• _ACTIVITY_: All pictures are to be excluded when the data below is output verbatim.

• _DATA EXTRACT_:
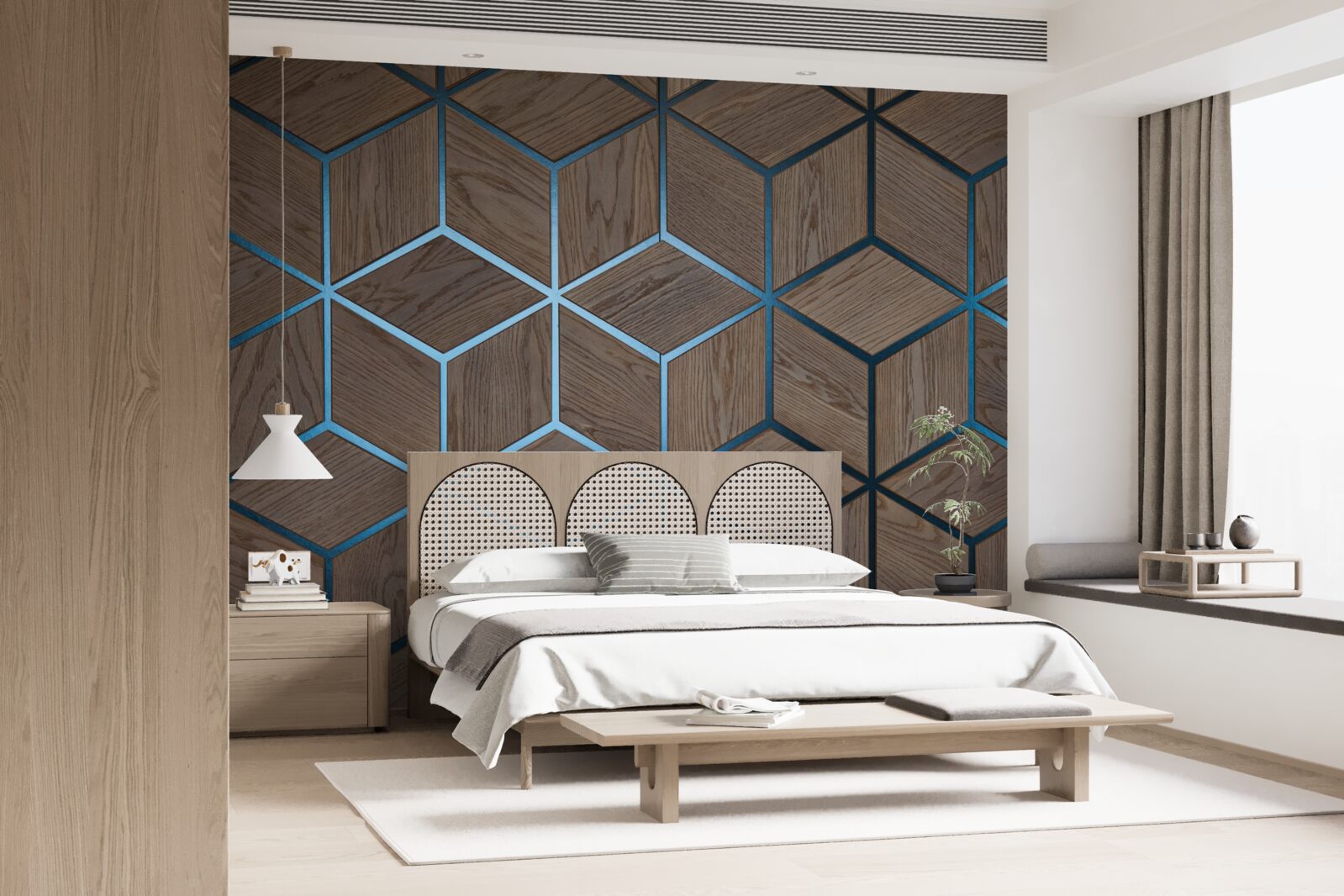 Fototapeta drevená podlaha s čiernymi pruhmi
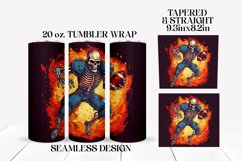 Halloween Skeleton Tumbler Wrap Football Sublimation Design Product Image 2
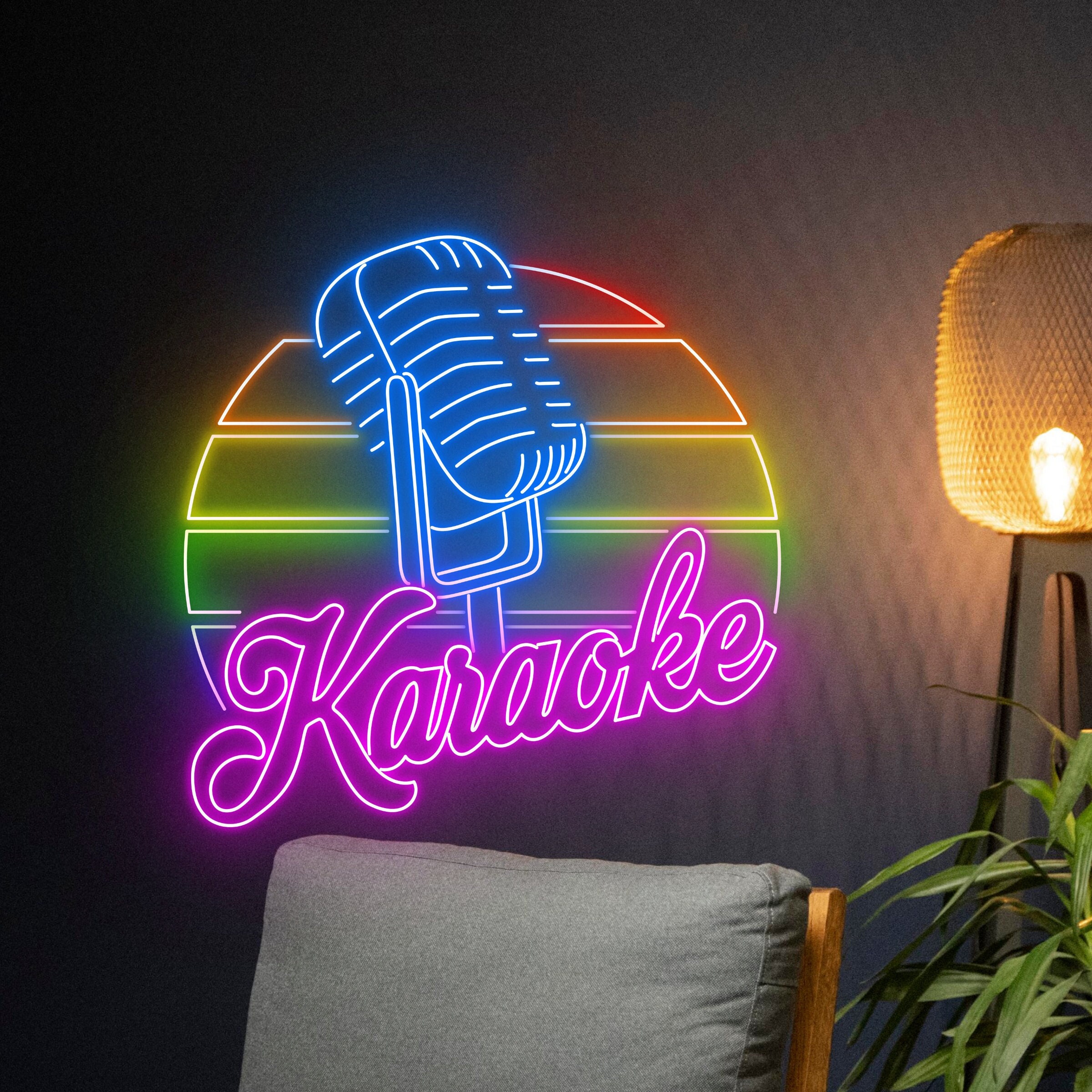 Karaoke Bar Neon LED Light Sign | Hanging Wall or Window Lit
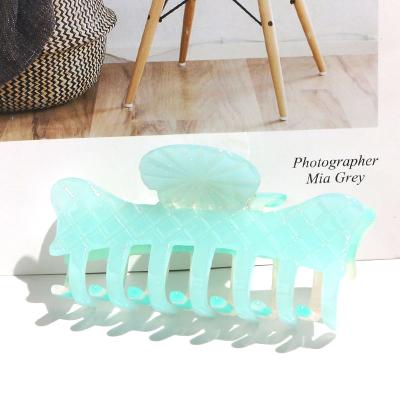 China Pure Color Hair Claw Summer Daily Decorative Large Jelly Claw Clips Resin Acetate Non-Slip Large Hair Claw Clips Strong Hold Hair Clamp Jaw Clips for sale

• _SOLUTION FOR THIS PROBLEM_:
 Fototapeta drevená podlaha s čiernymi pruhmi
 Halloween Skeleton Tumbler Wrap Football Sublimation Design Product Image 2
 Karaoke Bar Neon LED Light Sign | Hanging Wall or Window Lit
 China Pure Color Hair Claw Summer Daily Decorative Large Jelly Claw Clips Resin Acetate Non-Slip Large Hair Claw Clips Strong Hold Hair Clamp Jaw Clips for sale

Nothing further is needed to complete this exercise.